North Las Vegas, Nevada: At one end of Bigelow Aerospace’s factory is a mock-up of a gargantuan home for future astronauts. With a unique design — it could be packed into a rocket, then unfurled in space — it would comfortably house a dozen people as a voluminous space station or serve as a building block of a moon base.

“It’ll be a monster spacecraft by any current standards,” said Robert T. Bigelow, the company’s namesake founder.

This is Olympus, named after the mythological home of the Greek deities and a measure of Bigelow’s ambitions for building settlements in space.

Farther down the factory floor is a long, skinny metal structure. This is a developmental version of the spine of a more modest B330 module, which the company actually plans to build. Slight in appearance compared to Olympus, it would still be much less cramped than the metal cans that make up the International Space Station.

More, bigger, better

Bigelow says he is committed to having two B330s ready to launch in 2021, a step that could be a harbinger of the shift from a half-century of human spaceflight as a monopoly of government-run agencies like Nasa to a capitalistic free-for-all. The Trump administration wants to accelerate that transition by ending direct federal financing of the space station after 2024.

“We also want numerous providers that are competing on cost and innovation,” Jim Bridenstine, the Nasa administrator. “We would like to see Nasa become one customer of many customers.”

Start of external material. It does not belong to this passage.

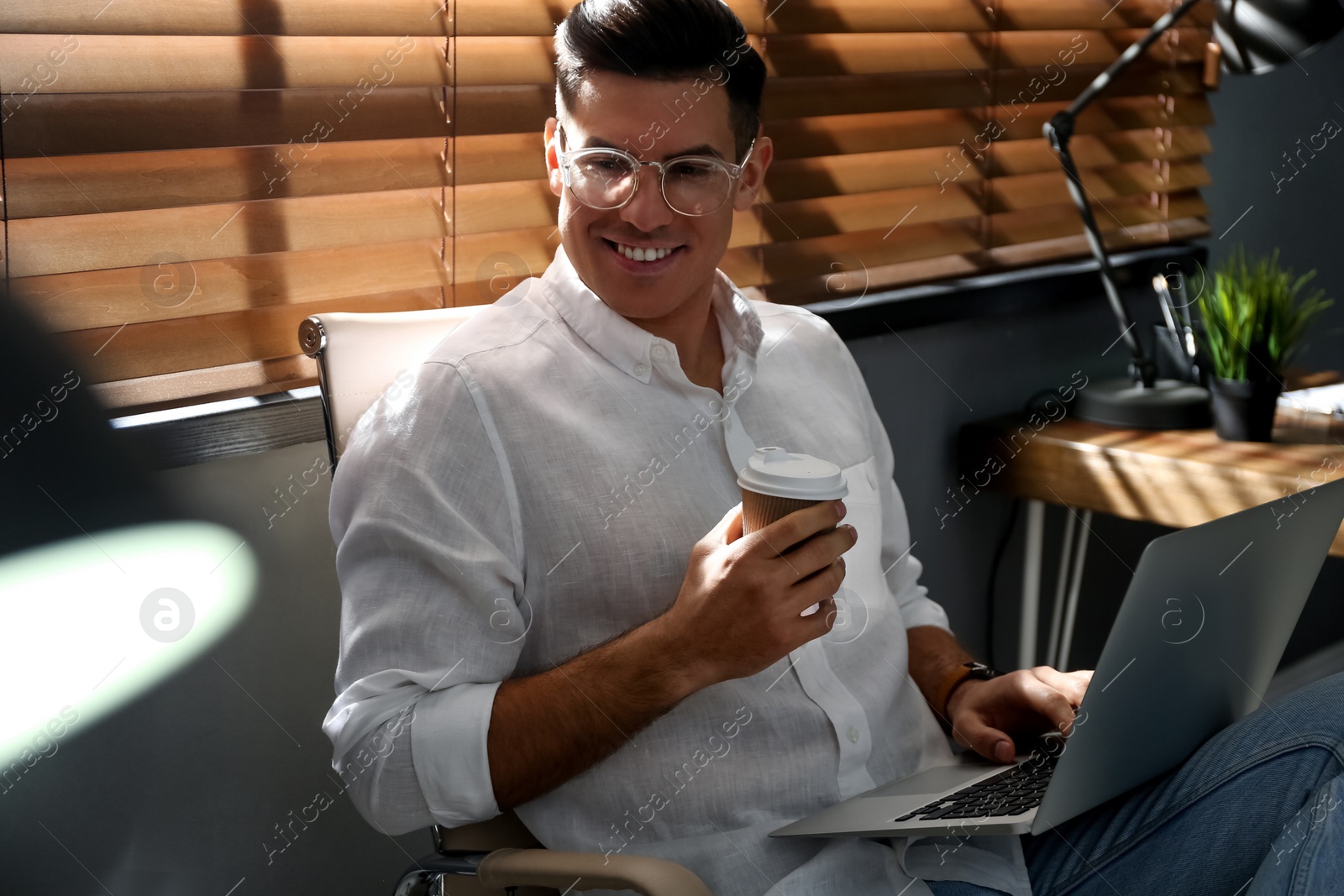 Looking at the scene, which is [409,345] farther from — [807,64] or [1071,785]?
[807,64]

If commercial stations prove cheaper to operate, Nasa will have more money to pursue other goals, like sending astronauts to the moon and Mars, Bridenstine said.

Too much too soon?

But betting hundreds of millions of dollars on businesses that do not yet exist could turn out to be quick way to lose a fortune. And space travel remains a dangerous avocation that could kill some people who make the trip.

Bigelow, who made his fortune founding Budget Suites of America, conceded earlier this year that he is not certain that he will be able to find customers for his B330s.

If there is no market, “then we would pause”, he said. “They would be sitting on the ground waiting for deployment if the business simply weren’t there.”

Today’s space junk is 
tomorrow’s space habitat

Almost two decades ago, there was a commercial space station for a brief period of time. It was Russian, and an American named Jeffrey Manber ran it. Perhaps it could have succeeded — but Nasa killed it.

“If you wanted to work with the capitalists in space in the 1990s, you worked with the Russians,” Manber said. “If you wanted to work with the socialists, you worked with Nasa.”

After the breakup of the Soviet Union, the Russian space programme was strapped for money and willing to consider ideas. Mir, the Russian space station, was seen as ramshackle and dated, about to be replaced by the bigger, better International Space Station.

But Manber and other entrepreneurs in the US saw Mir, destined to be destroyed, more as a fixer-upper. Energia, Mir’s manufacturer, agreed to partner with the Americans to create MirCorp, a commercial venture that leased the station from Russia’s government.

Reality television series 

The initial pitch from Energia was using the station for research, particularly on pharmaceuticals. Manber knew that possibility was at best years away.

“Quickly, I veered to the market that existed,” he said, “which was entertainment and media, and we could do it, because we were in control.”

MirCorp signed up the first space tourist, Dennis Tito, for a trip to Mir. It sold the idea of a reality television series to NBC, and Mark Burnett, the producer who created Survivor, The Apprentice and Shark Tank, was set to make it. (Tito was indeed the first space tourist, in 2001, but it was to the International Space Station.)

“Had that run, we would have kept Mir up there forever,” Manber said.

But the Russians yielded to Nasa’s insistence on dumping Mir, which was nudged out of orbit and into the Pacific in 2001.